My Own Austen Hero

“It is a handsome face…”

Created by Dawn Wells

How does one choose a favorite Jane Austen hero? I certainly cannot say which is my favorite definitively, but on any given day I can name my best-loved. Today it is Mr. Tilney, because today I had a small revelation while sitting for hours in the dentist’s chair.

That’s right. While in the dentists chair, desperately trying to distract myself from the many tools and noises around me, I decided to chose which Jane Austen hero my own husband was most like. At first, I thought of Mr. Darcy. He’s shy, passionate, can be gruff, and is also arrogant. Hmm…that last part didn’t quite fit. Also, he’s reserved beyond measure, much as I adore him.

If not Darcy, then who?

Then I realized, my husband may be shy, like Darcy, but he is forever teasing me and the kids. He loves the outdoors, has no interest in pleasing others at the detriment of himself or our family, and is generally a fun person to be around. He is my very own Henry Tilney. No, he may not have Henry Tilney’s ability to navigate a ballroom, but then, that suits me just fine.

The most handsome man of my acquaintance

It’s Time for a Remake

Keira Knightley and Matthew Macfadyen in Pride & Prejudice, 2005

It’s been too long

It’s time for a new cinematic adaptation of Pride and Prejudice. The 2005 film was over ten years ago! I’ve seen information about an iTV version made within the last couple of years, but I have yet to find the actual miniseries anywhere. I’ve watched and re-watched all my favorites, but I’m hungry for a new version.

A humble suggestion

This man, Mr. Tom Hiddleston, could be perfect for the role of Darcy, don’t you think? Oh my goodness. He is, in fact, a superb actor. Have you seen The Hollow Crown? If not, you should check it out. So good.

But who should play Lizzy? Miss Elizabeth Bennet must be such a hard role to play. She is so beloved by so many. Emma Watson, perhaps?

A Secret About Jane Eyre

I have a confession to make. I’ve never read anything by the Brontë sisters. That’s right. I’ve never read Jane Eyre, nor have I read Wuthering Heights or The Tenant of Wildfell Hall. I feel a fair amount of guilt about this.

Why have I not read some of the greatest novels ever written?
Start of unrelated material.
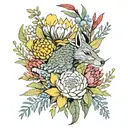 protea, eucalyptus leaves, wattle flowers, billy buttons and kangaroo paw in a bouquet, with a Chinese dragon amongst  tattoo design idea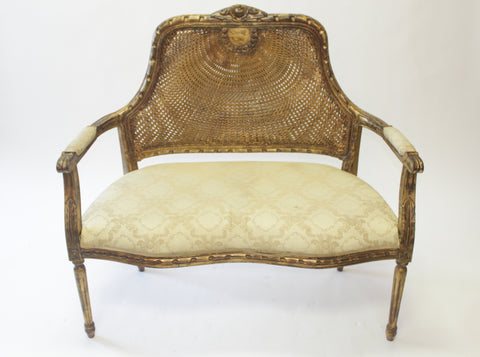 Louis XVI Style Giltwood Caned Back Upholstered Settee - Vintage Affairs - Vintage By Design LLC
How could I, a reader, a student of English Literature–and a feminist besides–not have read anything by the Brontës?

How have I missed quotes like these?

The truth is…

The truth is, I missed reading the books in high school and college through happenstance. Why don’t I read them now? Because I choose to read literature with as few triggers as possible. And as wonderful as these books are, you have to admit they are full of triggers. Abusive husbands, abandoned children, mental illness and mistreatment. Goodness!
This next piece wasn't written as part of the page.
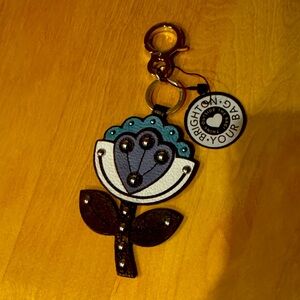 Brighton Blue, purple, white and black Floral Keychain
So when I came upon a clip from the 2011 film adaptation of Jane Eyre, I was nervous. In fact, the first time I tried to watch it I had to turn it off shortly after I began it. However, YouTube being the wonderful thing that it is, I was recently able to watch the best of the movie, while avoiding the sad/terrible bits.
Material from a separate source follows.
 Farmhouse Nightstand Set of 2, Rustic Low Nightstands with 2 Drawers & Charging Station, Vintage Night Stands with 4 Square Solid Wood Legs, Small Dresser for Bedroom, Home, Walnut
Let me just say, I can now understand why people love this story so very much. Dear me, the passion that exists between these two characters is breathtaking. It drew me in immediately. As a modern viewer, it’s heartbreaking to watch Rochester struggle with a problem that would be easily rectified in our times. Well, more easily rectified at least.

“It’s you. You rare unearthly thing.”

Also, let’s not forget the power of the actors themselves. I know the above quote is not pure Brontë, but the way Michael Fassbender delivers this line is swoon worthy. Add to that the way Mia Wasikowska embodies Jane Eyre, and you have magic.

It’s enough to make me want to read the book, despite the pain represented within. So perhaps one day soon I will join the ranks of Brontë devotees. Or I might just remain on the sidelines, happily watching Michael Fassbender.

Finding Inspiration in Strange Places

Frederica of Mecklenburg-Streilitz

This is the lovely Frederica of Mecklenburg-Strelitz, later Queen of Hanover. She lived from 1778-1841. Frederica was married to Prince Louis of Prussia when she was only 15.

Apparently, she went on to have quite the life. She was married three times, had various affairs throughout her first two marriages, and was accused of murdering her second husband. This accusation, in my opinion, was rather unfounded. By all accounts, however, her third and final marriage was one of mutual love and affection.

I do wish I knew who had created this painting. I found it while searching for images of early 19th century fashion. The beautiful Frederica does wear a stunning empire-waist gown in this painting. I particularly love the lavish sash and collar.

Looking at this painting makes me want to write a story! Does anyone know who painted it? Or how to track down an old artist? I honestly don’t even know the name of the painting.